The thing is, you just don't want to be in an OSC book, period.
There is only one alternative for gay characters who wish to avoid genital mutilation and/or genetic death: to repress their desires, to get married and to father children, taking what comfort they can in the joys of parenthood and their passionless partnerships with women.
...yeah. I agree with the author's analysis of the Ender novels (and the Memory of Earth books, man) that way. It's true that Songmaster (and to a lesser extent Ender's Game) gives one more alternative: to transcend genetic death through artistic life. But in general yeah, and this message sort of gets stronger with time (until it turns into the crazy we have today).

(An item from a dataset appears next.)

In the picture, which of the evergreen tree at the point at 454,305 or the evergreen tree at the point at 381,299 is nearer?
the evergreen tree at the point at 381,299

No matter how hard the narrative tries to pound home this last, official-policy message (repent and repress), there remains a lingering sense of the impossibility of ever finally killing desire. Individual bodies may be mutilated and torn apart, whole generations of buggers exterminated, yet in novel after novel, the longing returns, resurrected, and with it the choice: submit and sublimate, or die.
I can't argue with this one, actually. I find this kind of an interesting analysis, and rather perceptive.
I also like how the author ties it in to Card's being an outsider (which he also is in Mormon culture). I find that observation a perceptive connection that I didn't make myself but which I think is very interesting. (I've noticed before that his books with strongest Mormon explicit text -- The Folk of the Fringe, Lost Boys -- tend to be his best work, because he's sort of working counterpoint to the party message.)